Q: What is raita?
A: Raita is a palate "cooling" type of relish usually accompanying Middle Eastern dishes. Raitas use plain yogurt as a base and may contain vegetables such as cucumbers and tomatoes. Often, mint is the herb used to flavor this side dish.
Q: Is it possible to make sun-dried tomatoes at home without relying on the sun?
A: Yes, sun-dried tomatoes can be made at home without sun and without too much trouble. Roma or plum tomatoes are recommended because they dry faster and have more meat. Slice tomatoes in half lengthwise and place on a rack to dry in a low-temperature oven (about 200 degrees) for seven hours or until leathery but still soft. Cool completely and store in a tightly sealed container in a cool dry place or place them in olive oil to cover.
Q: Fresh spinach leaves seem to vary in the supermarkets from small and smooth to large and rippled. What is the difference?
A: Most of the variations you're noticing are differences in the age of the spinach plant when it was picked.
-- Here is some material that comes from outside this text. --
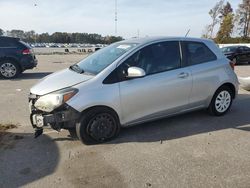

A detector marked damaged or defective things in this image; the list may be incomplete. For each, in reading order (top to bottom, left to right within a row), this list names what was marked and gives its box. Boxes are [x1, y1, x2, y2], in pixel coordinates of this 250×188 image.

car's front end damage [28, 87, 80, 137]
damaged front bumper [29, 94, 80, 137]
damaged headlight [33, 88, 77, 112]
Young spinach leaves are tiny and delicate, while the large rippled leaves are more mature and have a slightly bitter taste and woodier leaf.
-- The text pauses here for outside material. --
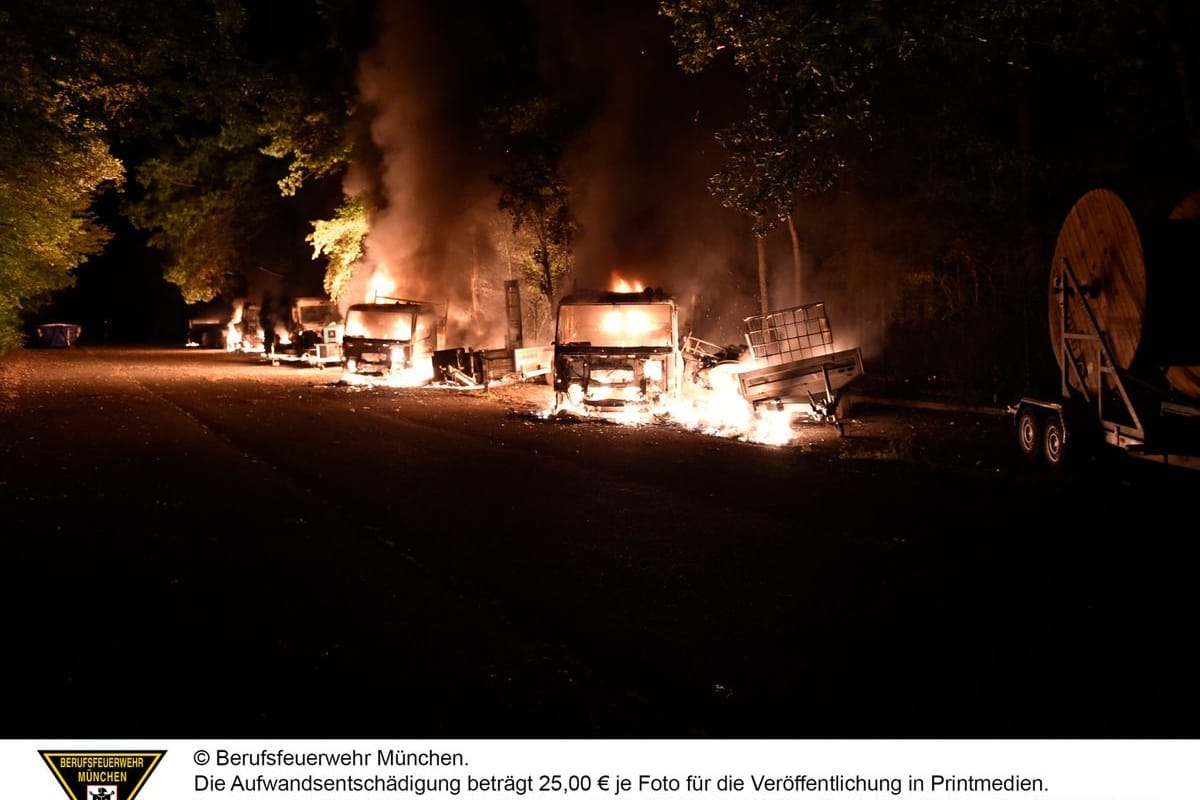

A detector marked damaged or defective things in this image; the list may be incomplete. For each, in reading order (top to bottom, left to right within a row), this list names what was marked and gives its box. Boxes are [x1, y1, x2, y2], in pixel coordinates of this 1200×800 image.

burned truck cab [340, 298, 444, 381]
burnt truck frame [343, 298, 446, 381]
burnt truck frame [552, 289, 686, 412]
burned truck cab [554, 287, 686, 412]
Occasionally, however, you might see a variety of spinach called New Zealand spinach, which has a small flat ivy-shaped leaf and grows well in hot or cool climates.
Q: I am so confused about how to deal with pasta just after cooking. The experts all give different directions on whether or not it's necessary to rinse.
A: It is true that opinions vary in the draining and rinsing of pasta. Local cookbook author Marlene Sorosky has found a very workable solution. She likes to rinse the pasta to get rid of the starch so the pasta doesn't clump together. In order to keep the pasta hot, she always rinses with warm water. (She also makes a point of heating the pasta serving platter.)